### Work to complete
Search the data for "numbers". Return each matching line.

Segment Start: Data supplied

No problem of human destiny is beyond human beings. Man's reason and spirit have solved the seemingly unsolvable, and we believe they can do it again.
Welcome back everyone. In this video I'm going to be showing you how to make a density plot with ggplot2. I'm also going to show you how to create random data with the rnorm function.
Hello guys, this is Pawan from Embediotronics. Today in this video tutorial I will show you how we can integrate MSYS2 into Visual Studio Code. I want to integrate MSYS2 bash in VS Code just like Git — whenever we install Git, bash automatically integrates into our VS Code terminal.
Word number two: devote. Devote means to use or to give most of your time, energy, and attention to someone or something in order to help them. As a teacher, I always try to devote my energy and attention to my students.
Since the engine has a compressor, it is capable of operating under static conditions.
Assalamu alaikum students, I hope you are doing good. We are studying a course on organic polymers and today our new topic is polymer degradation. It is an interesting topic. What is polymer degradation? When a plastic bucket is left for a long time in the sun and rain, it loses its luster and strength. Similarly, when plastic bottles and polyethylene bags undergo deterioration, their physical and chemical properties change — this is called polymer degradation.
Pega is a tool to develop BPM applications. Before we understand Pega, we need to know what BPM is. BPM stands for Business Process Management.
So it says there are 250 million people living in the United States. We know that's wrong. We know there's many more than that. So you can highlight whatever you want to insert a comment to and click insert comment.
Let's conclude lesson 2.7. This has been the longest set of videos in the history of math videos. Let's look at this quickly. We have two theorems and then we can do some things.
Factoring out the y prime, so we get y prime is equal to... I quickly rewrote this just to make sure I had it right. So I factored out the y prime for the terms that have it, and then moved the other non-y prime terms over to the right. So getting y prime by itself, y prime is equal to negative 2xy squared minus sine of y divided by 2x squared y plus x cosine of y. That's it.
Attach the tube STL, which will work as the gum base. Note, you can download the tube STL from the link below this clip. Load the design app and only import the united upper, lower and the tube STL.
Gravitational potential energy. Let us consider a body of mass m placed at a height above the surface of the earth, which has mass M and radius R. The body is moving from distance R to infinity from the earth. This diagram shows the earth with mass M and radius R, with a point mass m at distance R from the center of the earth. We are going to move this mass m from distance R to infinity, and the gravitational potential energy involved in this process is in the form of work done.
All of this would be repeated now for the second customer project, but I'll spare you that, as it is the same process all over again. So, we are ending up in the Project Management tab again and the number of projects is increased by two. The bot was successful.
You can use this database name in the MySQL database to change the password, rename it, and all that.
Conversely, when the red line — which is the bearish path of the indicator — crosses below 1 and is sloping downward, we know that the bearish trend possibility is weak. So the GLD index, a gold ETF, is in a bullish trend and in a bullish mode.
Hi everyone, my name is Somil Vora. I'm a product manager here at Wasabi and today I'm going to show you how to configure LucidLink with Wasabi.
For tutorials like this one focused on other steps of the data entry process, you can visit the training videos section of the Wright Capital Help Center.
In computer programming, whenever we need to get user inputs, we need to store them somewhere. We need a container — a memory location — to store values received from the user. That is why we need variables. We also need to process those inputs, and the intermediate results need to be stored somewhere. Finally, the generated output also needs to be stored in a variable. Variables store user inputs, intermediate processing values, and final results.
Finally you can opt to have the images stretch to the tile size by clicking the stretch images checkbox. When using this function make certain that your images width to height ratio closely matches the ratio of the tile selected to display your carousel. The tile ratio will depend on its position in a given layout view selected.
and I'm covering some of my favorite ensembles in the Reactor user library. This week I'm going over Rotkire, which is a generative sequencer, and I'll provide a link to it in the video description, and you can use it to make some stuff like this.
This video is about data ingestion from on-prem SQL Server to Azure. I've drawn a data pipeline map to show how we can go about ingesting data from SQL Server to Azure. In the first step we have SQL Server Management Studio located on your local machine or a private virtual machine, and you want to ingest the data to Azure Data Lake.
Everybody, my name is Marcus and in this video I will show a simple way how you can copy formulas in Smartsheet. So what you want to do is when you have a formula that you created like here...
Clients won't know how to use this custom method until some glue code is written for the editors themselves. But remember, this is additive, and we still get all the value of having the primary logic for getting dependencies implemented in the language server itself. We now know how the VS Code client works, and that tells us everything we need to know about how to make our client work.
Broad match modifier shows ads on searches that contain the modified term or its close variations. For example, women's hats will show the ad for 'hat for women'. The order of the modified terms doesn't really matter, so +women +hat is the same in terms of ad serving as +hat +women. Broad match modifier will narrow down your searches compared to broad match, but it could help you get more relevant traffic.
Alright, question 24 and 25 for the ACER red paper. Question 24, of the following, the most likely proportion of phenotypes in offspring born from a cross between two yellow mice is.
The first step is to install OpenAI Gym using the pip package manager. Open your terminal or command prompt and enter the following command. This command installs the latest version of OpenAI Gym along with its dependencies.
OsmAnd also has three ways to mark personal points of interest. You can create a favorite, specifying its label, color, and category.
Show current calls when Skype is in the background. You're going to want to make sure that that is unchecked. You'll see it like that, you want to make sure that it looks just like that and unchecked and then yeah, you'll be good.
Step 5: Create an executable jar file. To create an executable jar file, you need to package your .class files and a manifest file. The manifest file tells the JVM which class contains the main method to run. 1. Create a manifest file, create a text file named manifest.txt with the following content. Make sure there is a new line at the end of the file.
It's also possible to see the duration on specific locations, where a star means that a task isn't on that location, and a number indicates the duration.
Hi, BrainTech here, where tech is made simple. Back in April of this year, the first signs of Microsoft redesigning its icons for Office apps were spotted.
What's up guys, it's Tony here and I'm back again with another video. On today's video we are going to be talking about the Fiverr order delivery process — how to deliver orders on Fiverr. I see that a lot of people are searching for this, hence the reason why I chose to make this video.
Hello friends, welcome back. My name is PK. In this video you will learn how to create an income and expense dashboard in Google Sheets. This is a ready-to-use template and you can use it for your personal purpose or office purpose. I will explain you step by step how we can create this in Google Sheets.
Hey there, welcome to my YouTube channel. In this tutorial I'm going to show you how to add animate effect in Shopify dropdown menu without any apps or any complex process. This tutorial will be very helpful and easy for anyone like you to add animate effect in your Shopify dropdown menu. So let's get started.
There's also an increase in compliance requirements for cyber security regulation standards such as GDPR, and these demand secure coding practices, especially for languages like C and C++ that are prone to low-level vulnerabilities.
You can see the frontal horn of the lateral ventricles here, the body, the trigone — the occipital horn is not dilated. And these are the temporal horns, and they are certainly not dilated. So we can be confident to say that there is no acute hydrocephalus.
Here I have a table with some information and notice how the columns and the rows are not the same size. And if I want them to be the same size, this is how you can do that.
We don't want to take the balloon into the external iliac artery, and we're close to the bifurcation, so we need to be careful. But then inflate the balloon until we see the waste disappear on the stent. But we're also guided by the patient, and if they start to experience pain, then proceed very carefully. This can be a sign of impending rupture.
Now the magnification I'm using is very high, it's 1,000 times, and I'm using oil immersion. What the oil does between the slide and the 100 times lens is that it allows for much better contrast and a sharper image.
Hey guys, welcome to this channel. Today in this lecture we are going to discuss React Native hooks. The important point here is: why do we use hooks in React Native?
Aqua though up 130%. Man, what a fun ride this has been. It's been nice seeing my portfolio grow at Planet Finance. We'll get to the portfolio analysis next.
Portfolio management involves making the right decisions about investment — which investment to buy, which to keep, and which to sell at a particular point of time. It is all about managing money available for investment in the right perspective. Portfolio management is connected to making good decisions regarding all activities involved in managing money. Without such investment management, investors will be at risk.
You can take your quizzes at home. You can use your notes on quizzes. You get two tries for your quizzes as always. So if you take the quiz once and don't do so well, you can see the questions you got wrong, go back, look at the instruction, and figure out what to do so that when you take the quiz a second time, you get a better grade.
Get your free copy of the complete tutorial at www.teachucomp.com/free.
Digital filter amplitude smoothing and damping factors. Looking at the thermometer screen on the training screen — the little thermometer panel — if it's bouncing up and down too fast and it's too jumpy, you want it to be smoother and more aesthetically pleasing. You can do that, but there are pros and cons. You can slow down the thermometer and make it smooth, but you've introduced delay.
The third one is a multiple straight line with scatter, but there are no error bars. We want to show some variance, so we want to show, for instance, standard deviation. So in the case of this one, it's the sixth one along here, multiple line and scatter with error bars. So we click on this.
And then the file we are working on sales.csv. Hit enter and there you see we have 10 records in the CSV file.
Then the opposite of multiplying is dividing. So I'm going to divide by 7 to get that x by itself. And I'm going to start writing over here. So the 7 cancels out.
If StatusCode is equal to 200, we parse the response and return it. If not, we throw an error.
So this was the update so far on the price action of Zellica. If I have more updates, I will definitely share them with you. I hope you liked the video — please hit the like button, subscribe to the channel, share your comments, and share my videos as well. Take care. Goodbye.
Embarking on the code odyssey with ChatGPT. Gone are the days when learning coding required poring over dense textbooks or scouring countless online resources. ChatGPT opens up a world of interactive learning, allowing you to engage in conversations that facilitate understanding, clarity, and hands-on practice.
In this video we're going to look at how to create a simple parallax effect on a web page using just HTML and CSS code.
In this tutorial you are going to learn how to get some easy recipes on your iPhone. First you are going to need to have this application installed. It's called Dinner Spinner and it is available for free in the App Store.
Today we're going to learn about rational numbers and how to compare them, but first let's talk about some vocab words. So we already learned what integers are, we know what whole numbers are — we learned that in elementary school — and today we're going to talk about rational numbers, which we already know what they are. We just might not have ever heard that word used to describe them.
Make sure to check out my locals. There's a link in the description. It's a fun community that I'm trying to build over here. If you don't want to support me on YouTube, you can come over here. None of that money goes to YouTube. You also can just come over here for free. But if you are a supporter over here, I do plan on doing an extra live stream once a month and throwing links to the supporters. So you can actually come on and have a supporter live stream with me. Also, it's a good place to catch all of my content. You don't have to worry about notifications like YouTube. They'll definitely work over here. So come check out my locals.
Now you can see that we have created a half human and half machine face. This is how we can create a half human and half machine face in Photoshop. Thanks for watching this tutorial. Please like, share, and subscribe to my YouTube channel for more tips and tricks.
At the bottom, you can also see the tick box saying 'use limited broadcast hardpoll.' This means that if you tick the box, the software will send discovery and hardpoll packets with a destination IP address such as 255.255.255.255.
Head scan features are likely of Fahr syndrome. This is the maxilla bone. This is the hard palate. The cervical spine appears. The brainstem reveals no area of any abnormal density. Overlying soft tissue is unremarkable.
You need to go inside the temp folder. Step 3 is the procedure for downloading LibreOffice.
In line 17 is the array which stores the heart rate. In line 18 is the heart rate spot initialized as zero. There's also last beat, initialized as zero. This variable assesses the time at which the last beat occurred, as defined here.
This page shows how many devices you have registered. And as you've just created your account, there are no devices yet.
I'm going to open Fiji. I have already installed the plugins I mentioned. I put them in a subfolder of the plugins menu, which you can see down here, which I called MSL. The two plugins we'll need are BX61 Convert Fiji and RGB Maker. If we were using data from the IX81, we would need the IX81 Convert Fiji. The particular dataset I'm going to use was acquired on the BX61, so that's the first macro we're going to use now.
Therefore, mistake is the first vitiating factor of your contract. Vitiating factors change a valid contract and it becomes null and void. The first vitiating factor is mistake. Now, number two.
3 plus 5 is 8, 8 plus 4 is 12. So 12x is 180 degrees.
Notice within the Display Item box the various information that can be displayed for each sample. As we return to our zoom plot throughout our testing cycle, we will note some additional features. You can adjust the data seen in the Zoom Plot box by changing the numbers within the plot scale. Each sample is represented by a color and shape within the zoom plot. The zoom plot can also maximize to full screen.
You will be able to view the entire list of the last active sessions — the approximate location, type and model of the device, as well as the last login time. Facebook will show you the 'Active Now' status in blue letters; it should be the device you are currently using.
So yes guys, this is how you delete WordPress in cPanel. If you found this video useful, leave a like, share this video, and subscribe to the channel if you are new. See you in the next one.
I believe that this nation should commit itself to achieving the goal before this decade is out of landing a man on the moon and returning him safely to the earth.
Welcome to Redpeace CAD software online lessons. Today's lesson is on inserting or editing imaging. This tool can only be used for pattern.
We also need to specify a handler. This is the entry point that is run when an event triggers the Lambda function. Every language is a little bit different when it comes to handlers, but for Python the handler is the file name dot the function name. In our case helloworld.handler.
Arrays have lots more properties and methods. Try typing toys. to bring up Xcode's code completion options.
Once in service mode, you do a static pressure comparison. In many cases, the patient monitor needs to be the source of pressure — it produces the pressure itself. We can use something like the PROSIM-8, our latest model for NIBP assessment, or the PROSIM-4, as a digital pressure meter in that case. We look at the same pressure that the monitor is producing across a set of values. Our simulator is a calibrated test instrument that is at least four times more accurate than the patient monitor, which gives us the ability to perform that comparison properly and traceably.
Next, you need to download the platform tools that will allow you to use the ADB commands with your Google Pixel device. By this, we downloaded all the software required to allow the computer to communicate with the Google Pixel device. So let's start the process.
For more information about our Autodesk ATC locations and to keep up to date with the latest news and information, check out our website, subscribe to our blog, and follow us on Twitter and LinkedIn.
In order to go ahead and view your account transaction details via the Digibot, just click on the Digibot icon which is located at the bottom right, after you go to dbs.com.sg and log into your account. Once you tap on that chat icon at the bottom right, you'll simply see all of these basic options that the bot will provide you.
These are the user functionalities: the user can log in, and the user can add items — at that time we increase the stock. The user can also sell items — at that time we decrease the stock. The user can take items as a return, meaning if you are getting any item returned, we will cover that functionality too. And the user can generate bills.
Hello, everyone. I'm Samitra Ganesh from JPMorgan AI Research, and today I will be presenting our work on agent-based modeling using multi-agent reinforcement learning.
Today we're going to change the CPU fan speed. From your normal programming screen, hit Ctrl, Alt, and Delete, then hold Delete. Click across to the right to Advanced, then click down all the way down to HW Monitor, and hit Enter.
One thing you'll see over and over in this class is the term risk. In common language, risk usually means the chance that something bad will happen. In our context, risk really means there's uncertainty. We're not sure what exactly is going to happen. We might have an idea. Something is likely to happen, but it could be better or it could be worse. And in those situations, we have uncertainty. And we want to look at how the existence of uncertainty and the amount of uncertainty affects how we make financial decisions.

Segment End: Data supplied

### Your solution
Today we're going to learn about rational numbers and how to compare them, but first let's talk about some vocab words. So we already learned what integers are, we know what whole numbers are — we learned that in elementary school — and today we're going to talk about rational numbers, which we already know what they are. We just might not have ever heard that word used to describe them.
Notice within the Display Item box the various information that can be displayed for each sample. As we return to our zoom plot throughout our testing cycle, we will note some additional features. You can adjust the data seen in the Zoom Plot box by changing the numbers within the plot scale. Each sample is represented by a color and shape within the zoom plot. The zoom plot can also maximize to full screen.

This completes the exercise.